Earlier this week I was told some old acquaintances of mine from many moons ago have unfortunately lost their first born baby with no reason.
I wish that I could say that this was an irregular occurrence in our world… But it isn’t. It happens all too often and it isn’t talked about enough at all.
I know this new mum and dad will be devastated. They won’t be sleeping or eating. They won’t be functioning as normal human beings should. They won’t be showering, they won’t be answering the door, they won’t feel like they are living. They will be having nightmares and right now; they are living a nightmare.
People will be trying to help them and all they will want to do is scream at them. Their friends and family will be hoping that they are saying and doing the right things; who knows, they might be … Chances are, is that these newly grieving parents won’t think anyone around them is doing or saying the right thing.
(Mummy and Millie’s hands)
Coming to terms with a sudden and devastating loss such as this does not take hours or days, or weeks or months; it takes a lifetime. A lifetime of “maybe if I’d have just done this differently” or “what if I’d have taken that advice instead”. My own personal ones are “If only we hadn’t have chosen that nursery” and “Why didn’t I just take an extra few weeks maternity leave and then Millie wouldn’t have even been there”. There are so many ifs and buts and unanswered questions and unfortunately a lot of these will remain just that, unanswered.
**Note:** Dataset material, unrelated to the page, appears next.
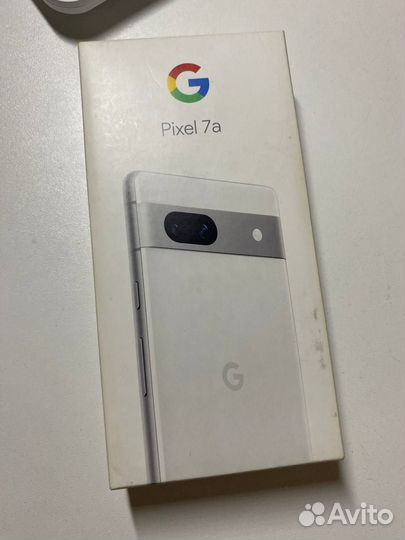 Google Pixel 7a, 8/128 ГБ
Even though I still think these thoughts, I know that there is nothing that I could have physically done that day to stop this happening to my baby girl, this really has been one of the hardest things for me to accept and I don’t think that I will ever fully accept it, just like most parents who lose a child.
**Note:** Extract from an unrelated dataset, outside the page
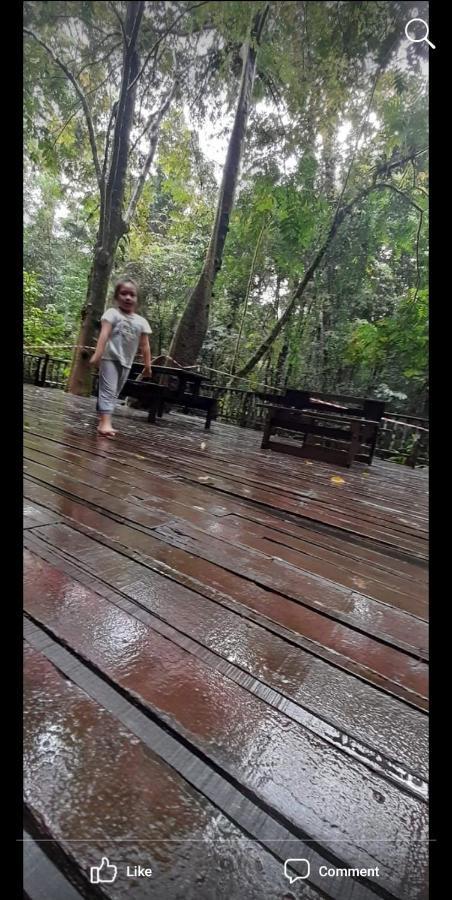 Mulu Homestay Exteriör bild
Grief shows it’s face in more ways than one and newly grieving parents experience every single state of grief possible. I personally believe that acceptance is the hardest one.
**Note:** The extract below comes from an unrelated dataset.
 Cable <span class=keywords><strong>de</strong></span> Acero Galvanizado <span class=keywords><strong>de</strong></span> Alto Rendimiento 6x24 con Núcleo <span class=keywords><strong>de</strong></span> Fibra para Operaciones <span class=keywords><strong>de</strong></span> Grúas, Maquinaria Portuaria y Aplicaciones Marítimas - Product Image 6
Parents should not have to accept that their child is gone, they shouldn’t have to accept that this happened to them for a reason – because it didn’t, it just happened. They should not have to accept that they are never going to see their child grown up.
There is no pain in this world that comes anywhere near to the pain in having to bury your own child. You don’t just bury your child, you bury all the hopes and dreams that you had for them, you bury part of yourself and you bury a piece of your life’s jigsaw that you will never find again. You can live without this piece, but it will always be missing.
Grieving parents act in very different ways, you cannot put them all in a box together as they don’t belong together in a box. Grief is as individual as the person experiencing it. I can only tell you about our grief,what happened to us after we loss our little Mills but I can’t tell you about anyone else’s – here is a small insight …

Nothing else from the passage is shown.